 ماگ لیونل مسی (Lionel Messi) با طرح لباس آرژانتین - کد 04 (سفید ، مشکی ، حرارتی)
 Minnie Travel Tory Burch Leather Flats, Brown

• • • •

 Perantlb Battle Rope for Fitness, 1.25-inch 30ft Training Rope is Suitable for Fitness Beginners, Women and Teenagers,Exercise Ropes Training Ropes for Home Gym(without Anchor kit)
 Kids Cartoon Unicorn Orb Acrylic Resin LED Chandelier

• • • •

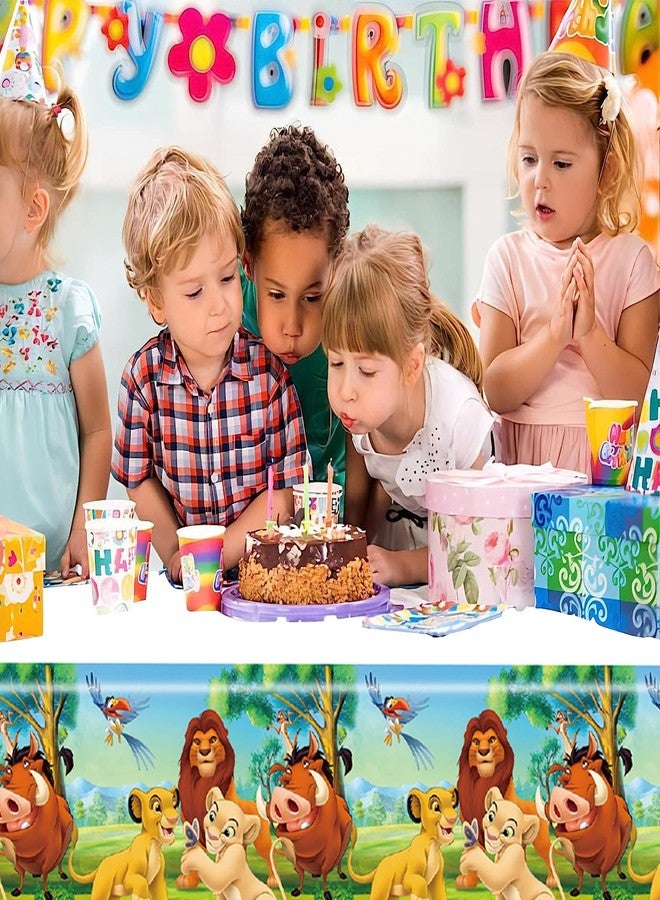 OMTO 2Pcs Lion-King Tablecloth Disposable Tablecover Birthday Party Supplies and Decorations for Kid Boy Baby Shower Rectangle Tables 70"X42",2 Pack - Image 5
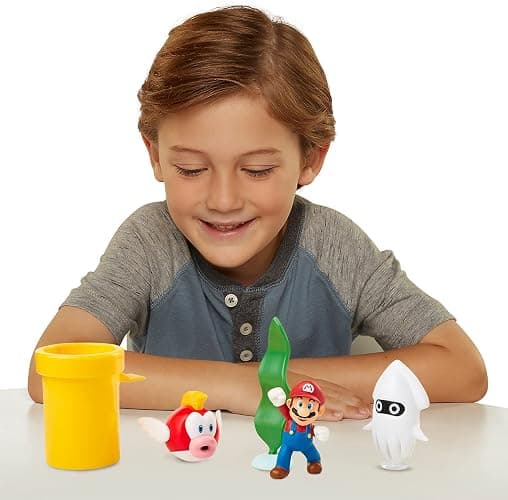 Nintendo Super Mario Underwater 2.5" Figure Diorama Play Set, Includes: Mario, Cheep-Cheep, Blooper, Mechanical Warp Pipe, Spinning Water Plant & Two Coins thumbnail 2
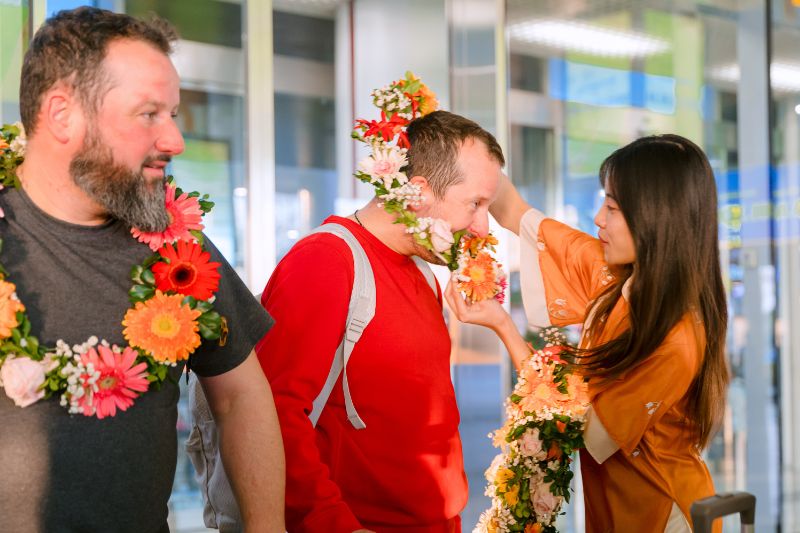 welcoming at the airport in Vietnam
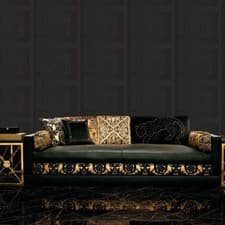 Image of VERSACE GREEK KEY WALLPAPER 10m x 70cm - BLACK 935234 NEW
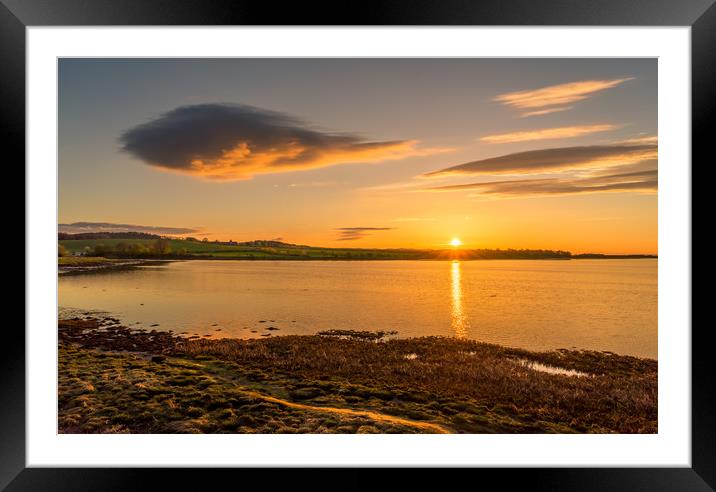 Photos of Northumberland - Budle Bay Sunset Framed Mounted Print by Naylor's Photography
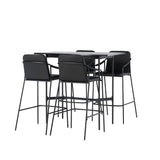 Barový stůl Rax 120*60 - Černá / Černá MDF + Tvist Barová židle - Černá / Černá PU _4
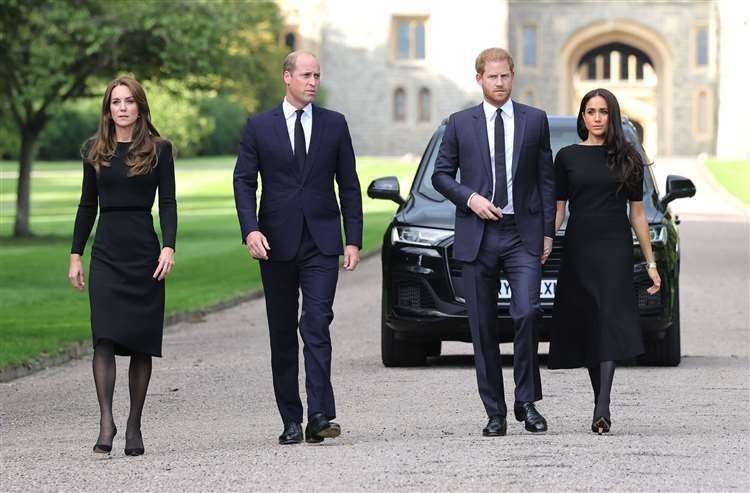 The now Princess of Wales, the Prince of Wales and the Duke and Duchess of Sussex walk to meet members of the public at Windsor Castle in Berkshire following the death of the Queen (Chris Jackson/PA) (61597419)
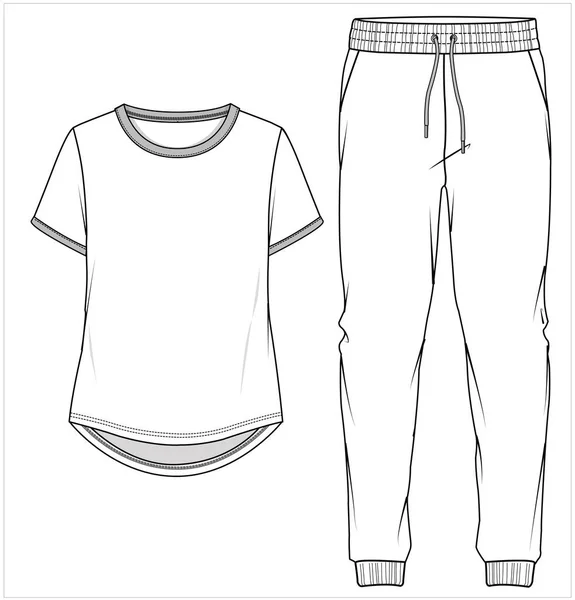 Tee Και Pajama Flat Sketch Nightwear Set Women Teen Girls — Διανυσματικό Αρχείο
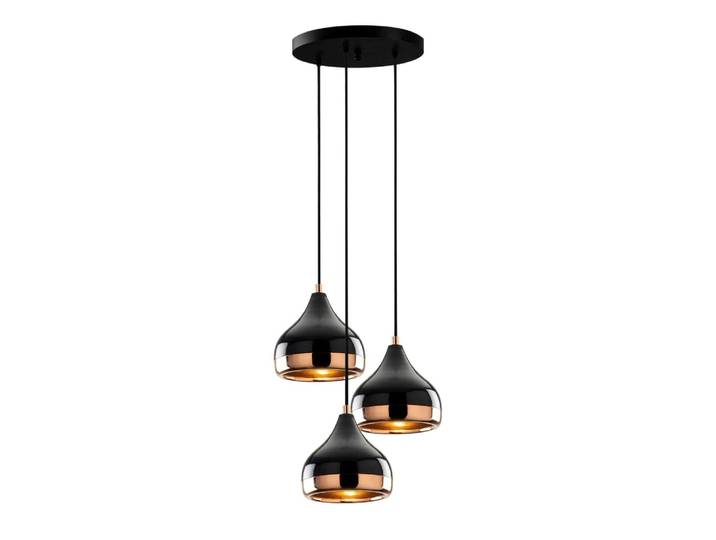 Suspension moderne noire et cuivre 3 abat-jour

• • • •

(TASK OBJECTIVE) Starting at the line with "Perantlb Battle Rope" and ending at the line with "Kids Cartoon Unicorn", print each line of the listing above exactly, with no other lines.

(SOLUTION FOR THIS PROBLEM)
 Perantlb Battle Rope for Fitness, 1.25-inch 30ft Training Rope is Suitable for Fitness Beginners, Women and Teenagers,Exercise Ropes Training Ropes for Home Gym(without Anchor kit)
 Kids Cartoon Unicorn Orb Acrylic Resin LED Chandelier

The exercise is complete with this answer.